What you will do:
Write every entry out again with no changes, and leave the images behind.

Records for this task:
+++++

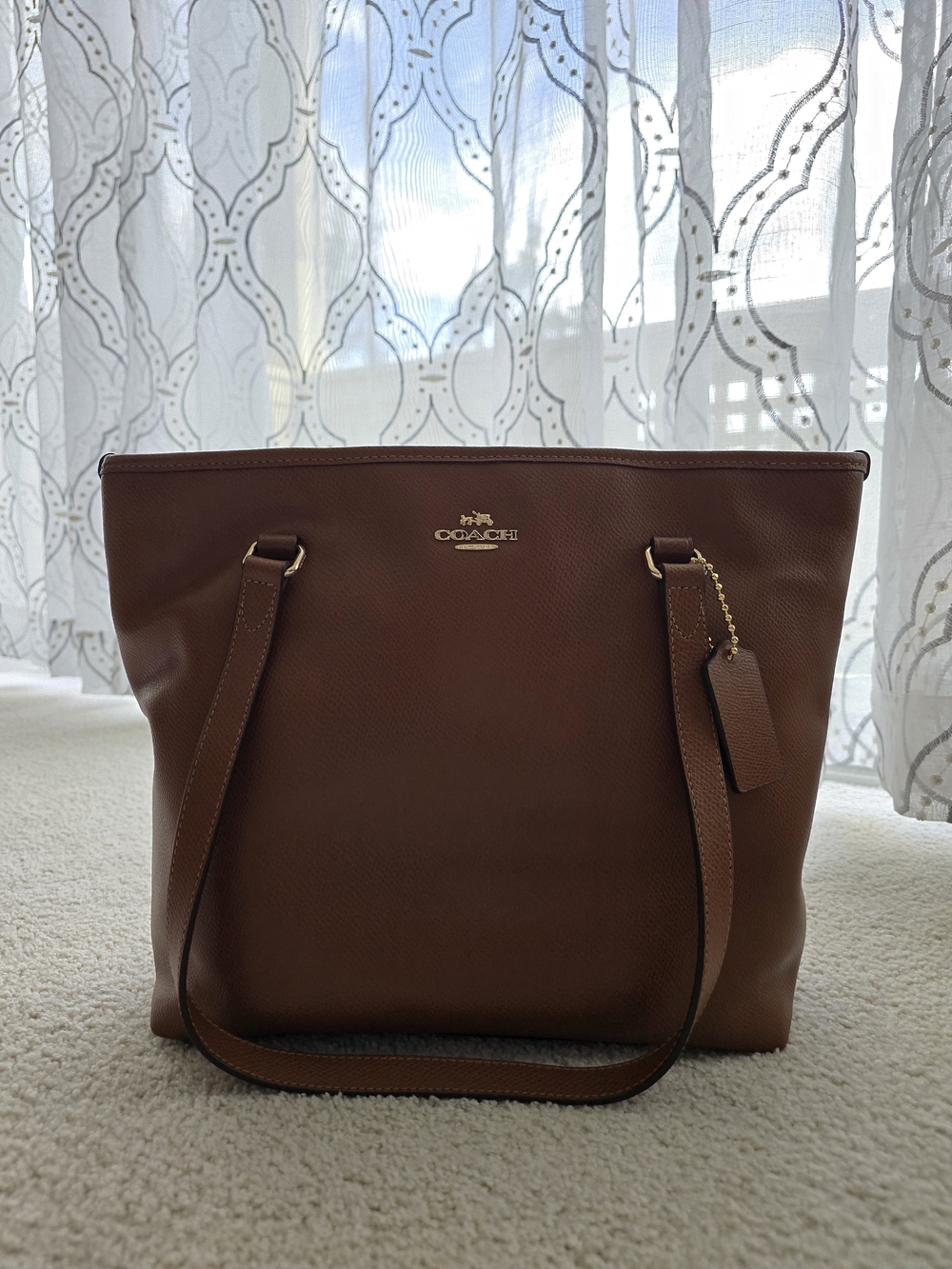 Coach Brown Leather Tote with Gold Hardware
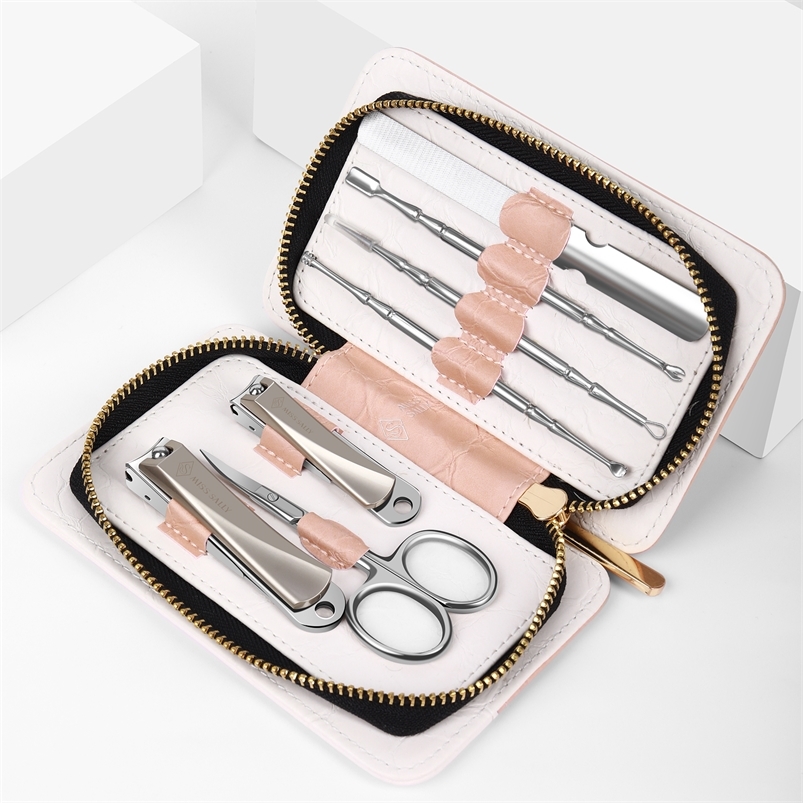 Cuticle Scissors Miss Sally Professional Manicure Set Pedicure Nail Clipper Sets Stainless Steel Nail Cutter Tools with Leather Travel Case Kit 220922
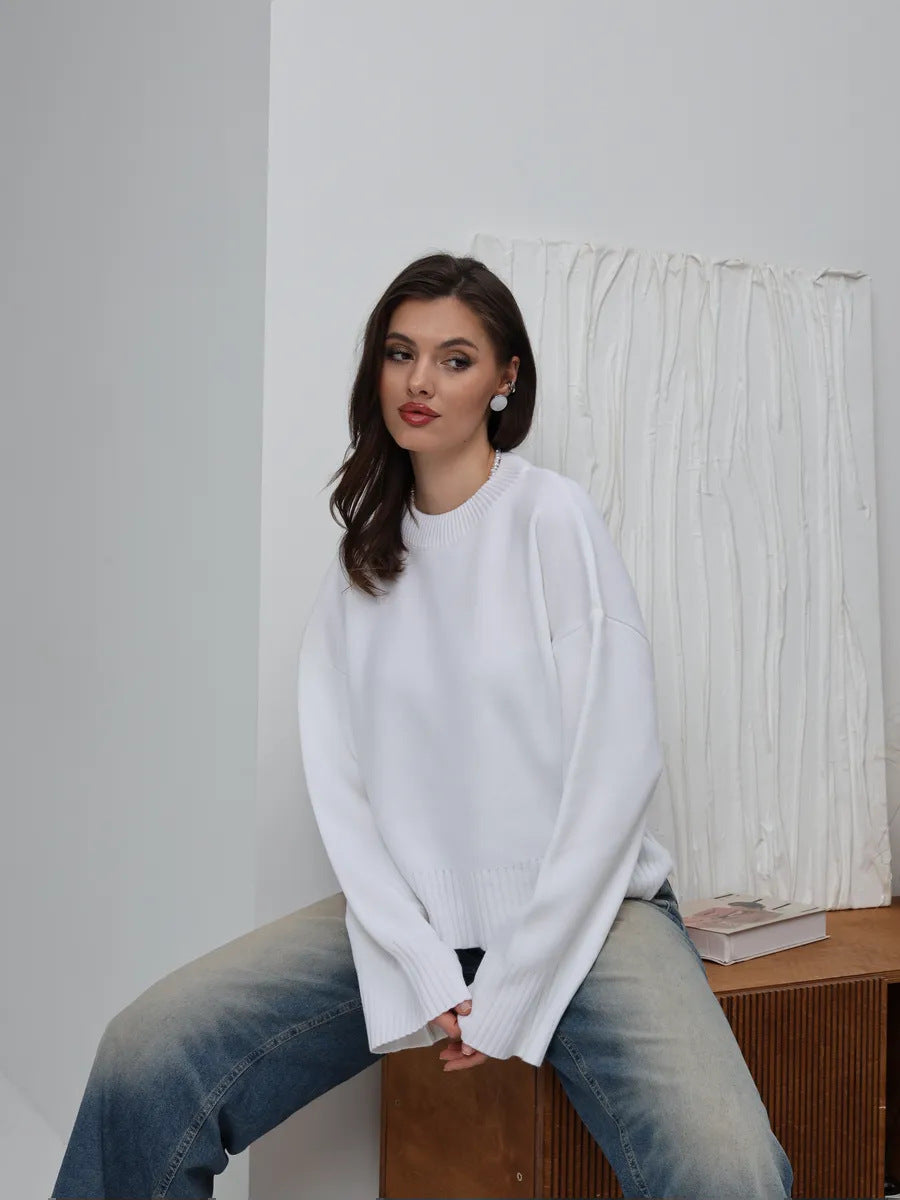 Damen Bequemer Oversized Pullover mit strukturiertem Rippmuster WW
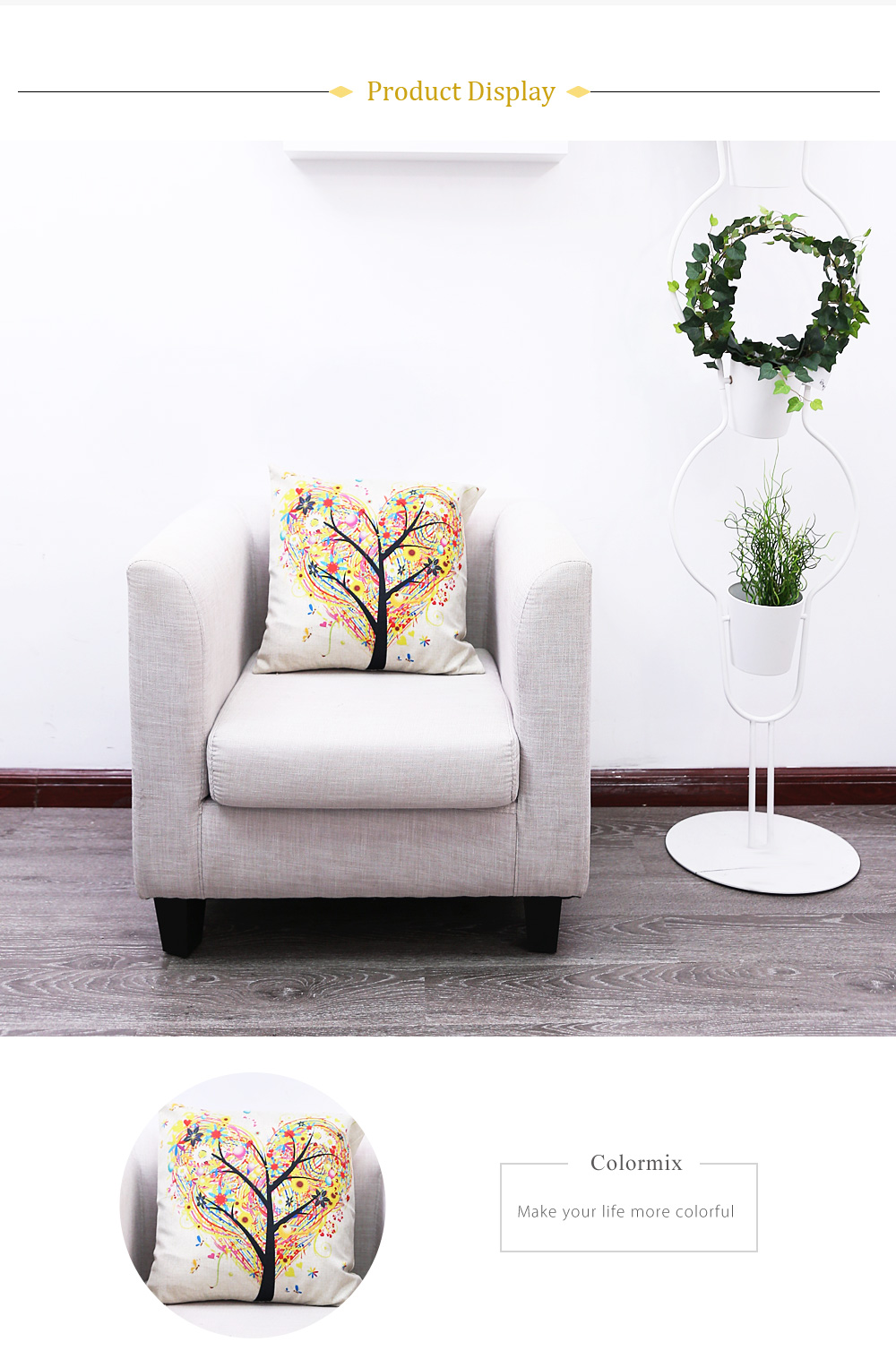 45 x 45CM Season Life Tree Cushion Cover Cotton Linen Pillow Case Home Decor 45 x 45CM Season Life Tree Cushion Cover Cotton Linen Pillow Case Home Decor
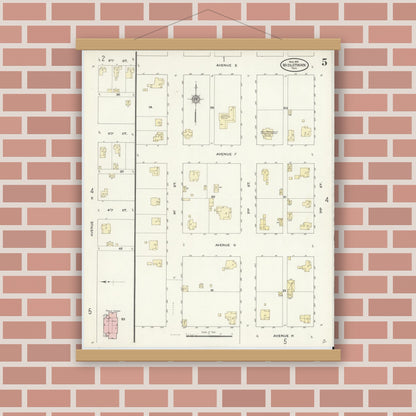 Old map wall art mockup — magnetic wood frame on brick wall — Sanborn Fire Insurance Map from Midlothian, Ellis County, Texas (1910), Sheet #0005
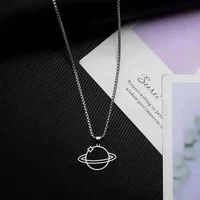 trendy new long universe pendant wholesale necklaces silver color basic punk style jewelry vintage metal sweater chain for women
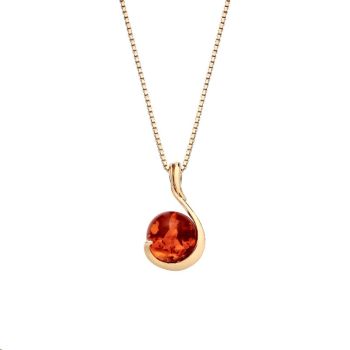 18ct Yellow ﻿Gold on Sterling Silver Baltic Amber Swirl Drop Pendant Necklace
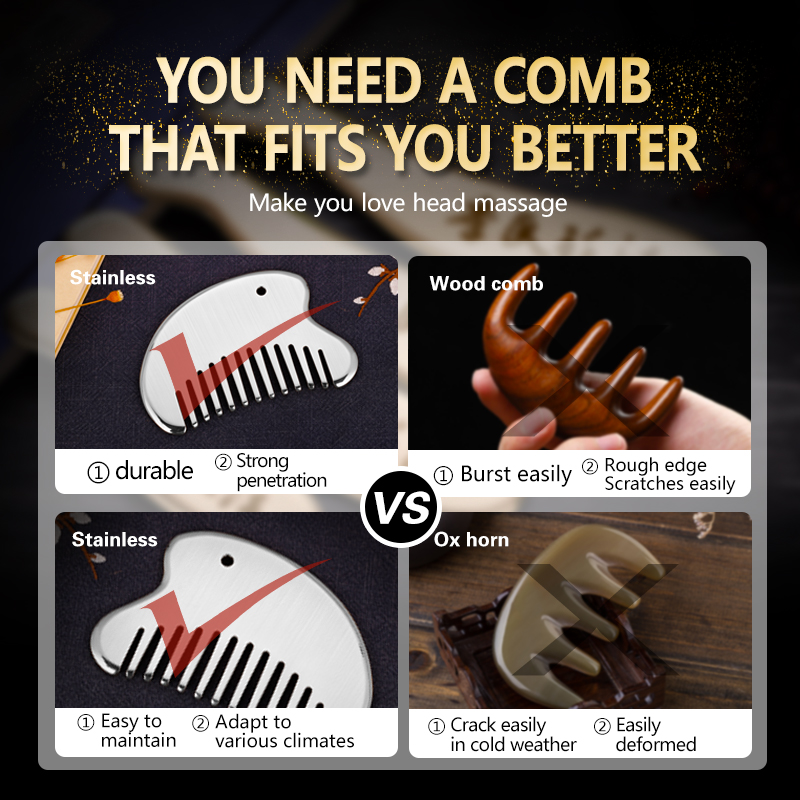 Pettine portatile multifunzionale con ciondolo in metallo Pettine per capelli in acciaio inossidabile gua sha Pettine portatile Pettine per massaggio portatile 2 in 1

+++++

Task solution:
 Coach Brown Leather Tote with Gold Hardware
 Cuticle Scissors Miss Sally Professional Manicure Set Pedicure Nail Clipper Sets Stainless Steel Nail Cutter Tools with Leather Travel Case Kit 220922
 Damen Bequemer Oversized Pullover mit strukturiertem Rippmuster WW
 45 x 45CM Season Life Tree Cushion Cover Cotton Linen Pillow Case Home Decor 45 x 45CM Season Life Tree Cushion Cover Cotton Linen Pillow Case Home Decor
 Old map wall art mockup — magnetic wood frame on brick wall — Sanborn Fire Insurance Map from Midlothian, Ellis County, Texas (1910), Sheet #0005
 trendy new long universe pendant wholesale necklaces silver color basic punk style jewelry vintage metal sweater chain for women
 18ct Yellow ﻿Gold on Sterling Silver Baltic Amber Swirl Drop Pendant Necklace
 Pettine portatile multifunzionale con ciondolo in metallo Pettine per capelli in acciaio inossidabile gua sha Pettine portatile Pettine per massaggio portatile 2 in 1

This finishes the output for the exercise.